Successful websites are designed and built. A good web designer approaches a website build like an architect — designing the right functionality, structure and use of materials to get the best results. Only a painter/ decorator would focus on the colour scheme and finished look.
And what’s the fundamental building block, foundations and bulk of a website? Content.
Chocolate teapots and animal cruelty
No matter how beautiful a chocolate teapot might be, it’s still useless — in design you just can’t ignore the content.
An architect can’t ignore what material they have to work with and how to get the best from it — first you must ensure the design is fit-for-purpose and built on solid foundations. Ignore this and then, no matter how pretty the ‘design’, it won’t be effective and will fail.
What if none of your content fits? Are you supposed to ruin effective sales copy or change your message to fit the design? Isn’t that like sawing the legs off a racehorse because the stable ceiling is too low?
Putting the maimed horse before the cart
Beware web decorators that don’t ask for any content before starting a design. A Photoshop mock-up with ‘ipsum lorem’ filler text is hardly a design built to your specific needs to maximise the value of your content is it? Ask this kind of web designer exactly which shade of blue will boost your sales the most or if search engines prefer stripes or polka dots!
Good web designers need to know…
What pages are needed? How will they link? What will the navigation be? Where do you want the visitor to go? What needs focus? What message is being communicated? What’s the optimum site architecture for SEO, sales funnels and effective calls-to-action? How much space does each content block need? How does the content flow? How do the graphical elements support the message, brand, sales copy and tone of voice? Is the design unified or at odds with the content? Does everything come together to create the best user experience and sales environment? etc…
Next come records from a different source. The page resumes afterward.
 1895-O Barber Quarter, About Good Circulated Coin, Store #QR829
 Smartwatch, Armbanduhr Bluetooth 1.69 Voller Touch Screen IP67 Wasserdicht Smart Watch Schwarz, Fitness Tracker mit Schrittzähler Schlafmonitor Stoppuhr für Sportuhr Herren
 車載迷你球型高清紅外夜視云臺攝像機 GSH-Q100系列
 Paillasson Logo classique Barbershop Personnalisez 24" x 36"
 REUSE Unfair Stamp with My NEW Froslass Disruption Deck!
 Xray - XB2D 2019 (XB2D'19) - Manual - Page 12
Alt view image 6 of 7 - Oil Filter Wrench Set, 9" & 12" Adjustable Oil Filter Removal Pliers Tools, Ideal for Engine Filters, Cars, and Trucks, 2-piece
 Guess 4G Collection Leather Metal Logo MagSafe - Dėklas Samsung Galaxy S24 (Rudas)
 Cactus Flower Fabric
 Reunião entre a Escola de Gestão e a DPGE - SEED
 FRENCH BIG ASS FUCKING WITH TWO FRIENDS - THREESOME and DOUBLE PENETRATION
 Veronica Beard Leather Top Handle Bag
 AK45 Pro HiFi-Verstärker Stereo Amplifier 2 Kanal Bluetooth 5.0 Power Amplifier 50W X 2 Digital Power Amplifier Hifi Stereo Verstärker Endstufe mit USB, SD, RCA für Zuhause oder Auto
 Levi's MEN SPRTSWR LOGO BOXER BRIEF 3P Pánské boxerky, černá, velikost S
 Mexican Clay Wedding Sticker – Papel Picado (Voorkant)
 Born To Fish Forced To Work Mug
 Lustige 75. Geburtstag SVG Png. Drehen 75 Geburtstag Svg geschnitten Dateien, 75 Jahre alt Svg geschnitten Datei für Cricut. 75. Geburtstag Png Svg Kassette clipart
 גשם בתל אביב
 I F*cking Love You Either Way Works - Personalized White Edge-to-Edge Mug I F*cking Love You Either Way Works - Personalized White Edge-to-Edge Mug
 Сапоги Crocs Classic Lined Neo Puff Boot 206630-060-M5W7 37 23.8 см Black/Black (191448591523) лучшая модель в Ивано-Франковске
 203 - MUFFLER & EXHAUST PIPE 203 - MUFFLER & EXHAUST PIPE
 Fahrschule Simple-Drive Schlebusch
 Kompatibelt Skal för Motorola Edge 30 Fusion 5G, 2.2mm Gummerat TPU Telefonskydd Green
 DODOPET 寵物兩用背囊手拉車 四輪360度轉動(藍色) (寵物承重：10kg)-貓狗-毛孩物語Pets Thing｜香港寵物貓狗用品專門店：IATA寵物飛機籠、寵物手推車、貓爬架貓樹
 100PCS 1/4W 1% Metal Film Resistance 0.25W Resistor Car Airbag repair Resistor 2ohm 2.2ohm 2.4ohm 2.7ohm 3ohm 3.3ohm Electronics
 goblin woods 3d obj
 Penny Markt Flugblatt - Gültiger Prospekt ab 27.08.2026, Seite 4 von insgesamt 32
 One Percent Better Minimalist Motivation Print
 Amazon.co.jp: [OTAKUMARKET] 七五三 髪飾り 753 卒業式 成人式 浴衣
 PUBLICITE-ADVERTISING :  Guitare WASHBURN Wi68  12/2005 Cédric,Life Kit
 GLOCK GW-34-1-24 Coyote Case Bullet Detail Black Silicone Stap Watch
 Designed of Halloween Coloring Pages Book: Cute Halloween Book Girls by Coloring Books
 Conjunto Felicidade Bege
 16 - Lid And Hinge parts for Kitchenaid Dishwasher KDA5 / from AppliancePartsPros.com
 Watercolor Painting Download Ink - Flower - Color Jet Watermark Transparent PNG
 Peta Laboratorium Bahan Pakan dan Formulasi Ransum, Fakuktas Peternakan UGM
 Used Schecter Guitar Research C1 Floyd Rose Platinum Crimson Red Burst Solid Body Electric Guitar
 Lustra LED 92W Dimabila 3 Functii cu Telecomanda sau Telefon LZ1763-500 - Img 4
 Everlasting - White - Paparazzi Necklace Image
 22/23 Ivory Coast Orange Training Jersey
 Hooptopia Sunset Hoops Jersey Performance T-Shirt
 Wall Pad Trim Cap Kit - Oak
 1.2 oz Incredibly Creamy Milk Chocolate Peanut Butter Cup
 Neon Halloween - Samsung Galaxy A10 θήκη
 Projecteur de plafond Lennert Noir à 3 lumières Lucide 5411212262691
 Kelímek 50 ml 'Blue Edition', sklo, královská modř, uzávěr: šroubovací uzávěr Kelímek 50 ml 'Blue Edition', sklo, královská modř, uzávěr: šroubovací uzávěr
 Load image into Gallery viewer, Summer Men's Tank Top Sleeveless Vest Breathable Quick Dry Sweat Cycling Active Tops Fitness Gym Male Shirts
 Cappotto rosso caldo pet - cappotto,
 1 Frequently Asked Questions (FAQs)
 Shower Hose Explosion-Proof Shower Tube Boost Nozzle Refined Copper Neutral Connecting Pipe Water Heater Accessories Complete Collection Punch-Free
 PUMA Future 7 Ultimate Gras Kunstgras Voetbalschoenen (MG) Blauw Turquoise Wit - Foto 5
You need content to answer those questions and design an effective website. If you’re not being asked about your content or you’re a web designer who ignores it then you should change to someone who does.






7 comments/ references for Website designer/ architect or painter/ decorator?
ErisDS — 5 comments
All clients need to read this.
In too many cases, web designers have no option but to go with Lorem Ipsum as they are given nothing other than a few headings, a basic site structure, or worse nothing to work with.
In a perfect world all clients come with content at the ready, in this less-than-perfect world, we do what we have to do to get the job done because the customer is always right – they want to see a design next tuesday & the content is “On it’s way”…
Meshach
Great article.
Scott S
Another wise article John.
Have to agree with Eris though. As designers, we don’t always have the luxury of content when it comes to the initial design!
Keep up the good work old chap!
Wizely,
SEO Copywriter
Thanks Scott! It’s easy to see that web design clients are often their own worst enemy by not thinking “What do I want to say?” before worrying about how to present it.
I’m with Eris too – “All clients need to read this” and she’s spot-on with people in such a rush to see a design that the content’s always “On its way”. But effective websites (and most communications for that matter) get the best results through copy and design working in harmony – what you say and how you say it.
Content shouldn’t be a luxury it should be a necessity!
It’s not always possible to get complete content before working on the design, but when copywriter and designer work together? Well there’s no doubt that the client gets a website that will get better results.
And why don’t web design clients realise this? (Here’s where I think web designers on the whole can’t just blame their clients!) Because the vast majority of designers don’t talk about copy and so many focus on their craft (ooh it’s w3c-compliant XHTML!) that they don’t talk to their clients about how the website is actually going to make sales.
Let’s get together in harmony and make this imperfect world perfect – content isn’t a dirty word, start mentioning it!
Thanks guys
Duncan — 1 comment
The nail has been hit on the head in this article and in the comments here.
We are constantly chasing clients for copy, it seems that most do not know where to start and so put it off despite our efforts to get it at the beginning of a project.
We have now teamed up with a great copywriter to offer a copy writing service to run in parallel with the web design.
This should help those client who struggle to write anything at all and those who write pages and pages of copy that just doesn’t have the focus and concentration that a good copywriter can achieve.
Writing good copy is just as much a skill as designing a website and I think its often not given the credit and attention it deserves.
Rob Mason — 4 comments
“Putting the maimed horse before the cart” – classic.
Marlene Affeld
I am preparing to build a new site and will be hiring a website design company. Your article was very helpful – answered a lot of questions and cleared confusion. Thanks for the information.